Exercise description >>
Copy the complete listing word for word, but do not carry over any images.

Provided material >>
_____
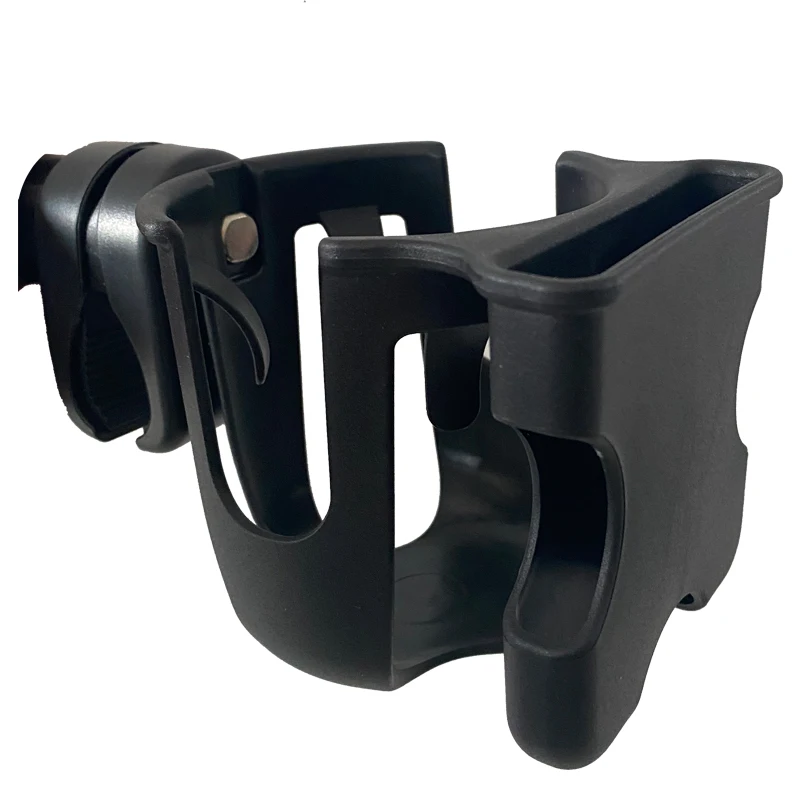 2 or 4 Seater Baby Stroller Wagon Accessories 2 in 1 Phone Holder Can Hold Water and Cell Phone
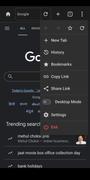 AriaNg GUI & Browser screenshot 2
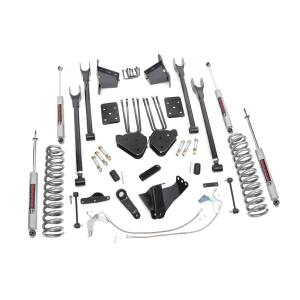8 Inch Lift Kit 4 Link Ford F-250/F-350 Super Duty 4WD 2008-2010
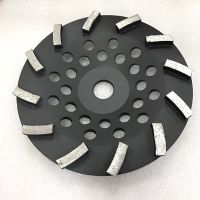 12Seg Turbo Metal Cup Wheel for Hand Grinder 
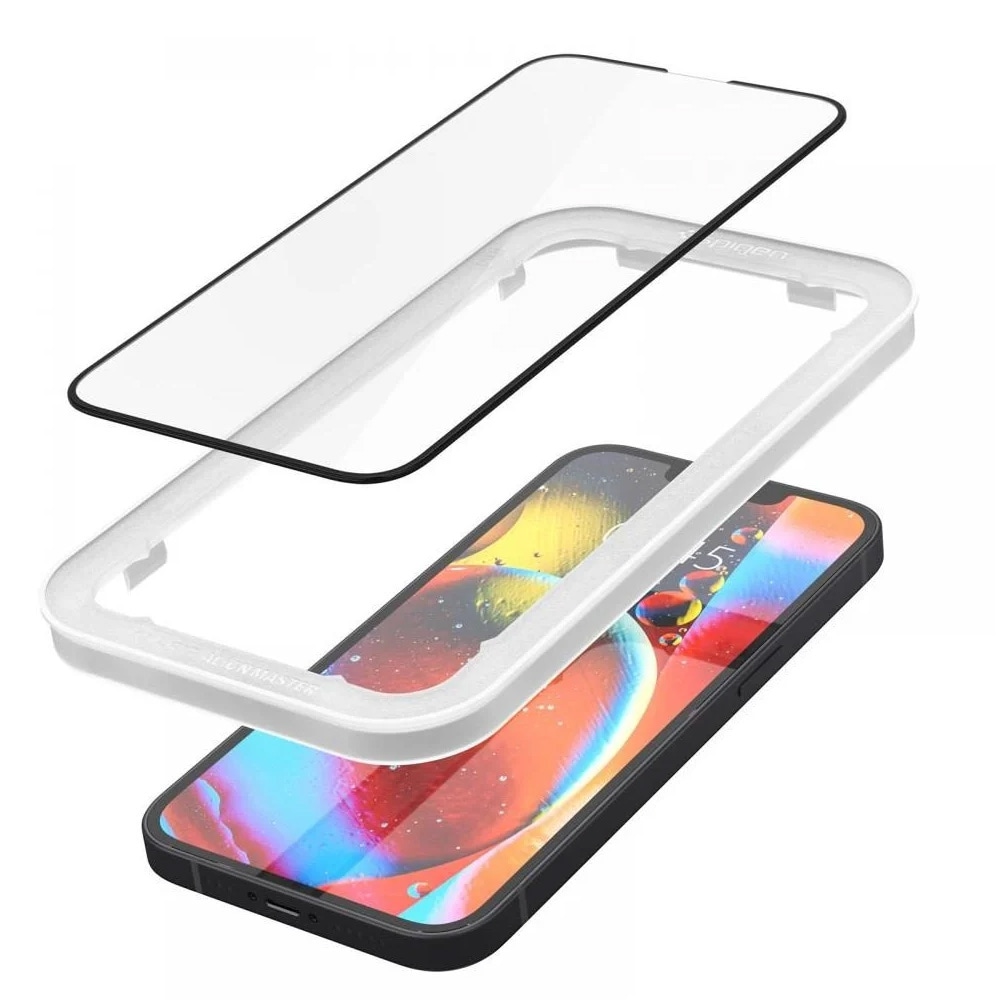 2-pack Spigen GlastR Align Master skärmskydd för iPhone 17e / 16e / 14 / skyddsglas / displayskydd / pansarglas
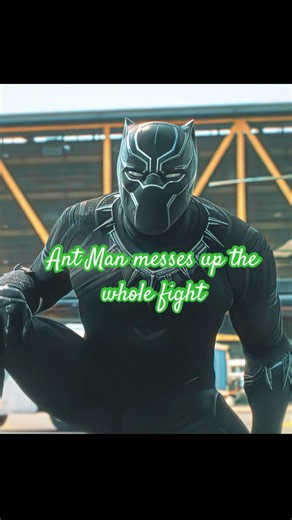 Ant Man messes up the whole fight #shortvideo#foryou#movie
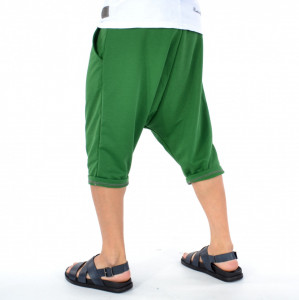 MEN'S DROP CROTCH SWEATSHORTS TRENDFIELD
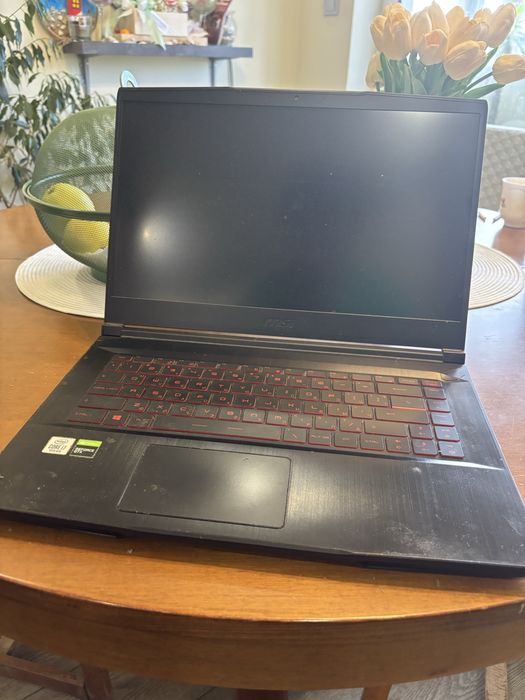 MSI GF65 Thin i7 16 GB RAM  1TB SSD Nvidia RTX 3060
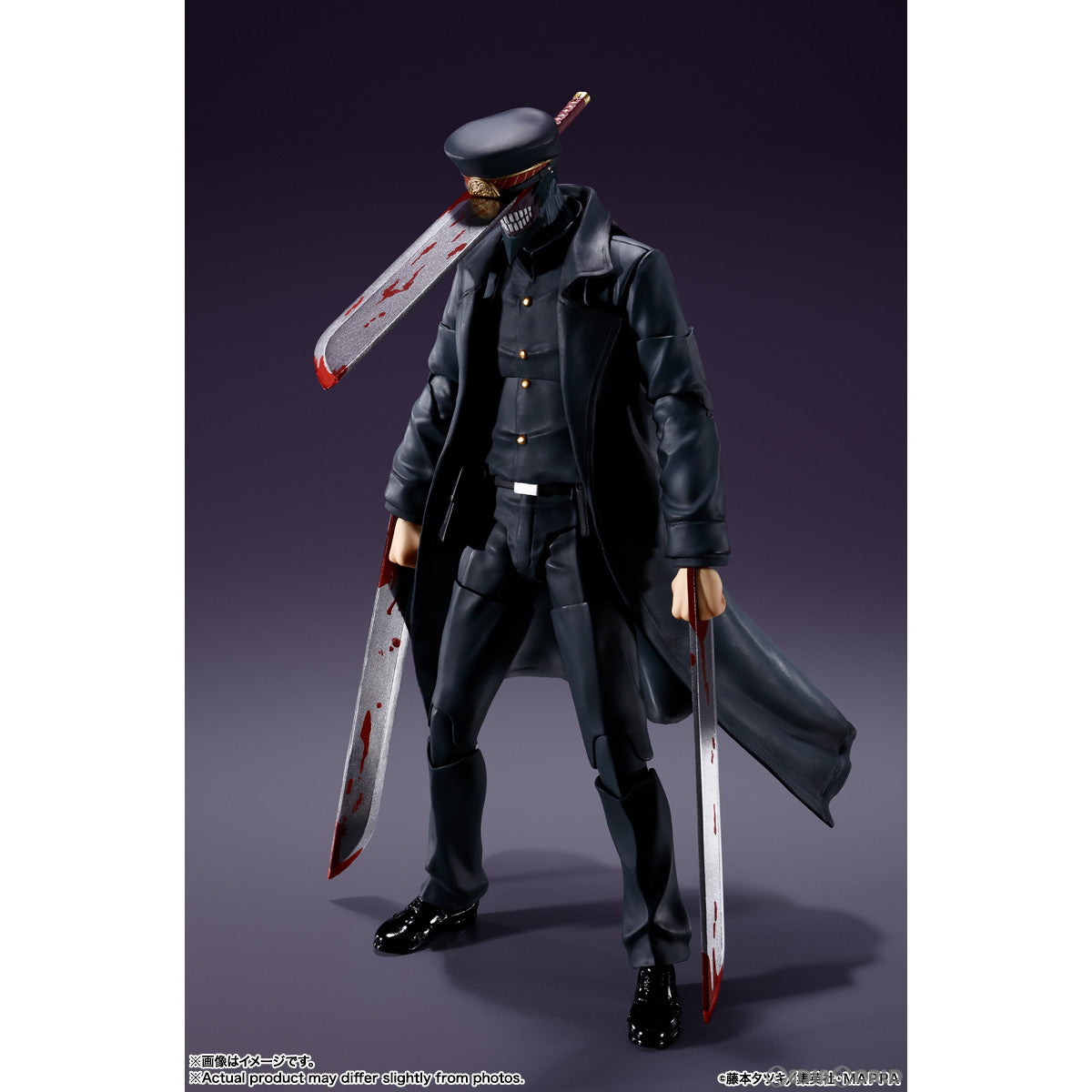 【中古即納】[FIG]S.H.Figuarts(フィギュアーツ) サムライソード チェンソーマン 完成品 可動フィギュア バンダイスピリッツ(20230729)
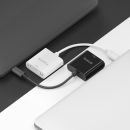 Premium Active 2K USB-C / DVI Portsaver Adapter, weiß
_____
Result >>
 2 or 4 Seater Baby Stroller Wagon Accessories 2 in 1 Phone Holder Can Hold Water and Cell Phone
 AriaNg GUI & Browser screenshot 2
8 Inch Lift Kit 4 Link Ford F-250/F-350 Super Duty 4WD 2008-2010
 12Seg Turbo Metal Cup Wheel for Hand Grinder 
 2-pack Spigen GlastR Align Master skärmskydd för iPhone 17e / 16e / 14 / skyddsglas / displayskydd / pansarglas
 Ant Man messes up the whole fight #shortvideo#foryou#movie
 MEN'S DROP CROTCH SWEATSHORTS TRENDFIELD
 MSI GF65 Thin i7 16 GB RAM  1TB SSD Nvidia RTX 3060
 【中古即納】[FIG]S.H.Figuarts(フィギュアーツ) サムライソード チェンソーマン 完成品 可動フィギュア バンダイスピリッツ(20230729)
 Premium Active 2K USB-C / DVI Portsaver Adapter, weiß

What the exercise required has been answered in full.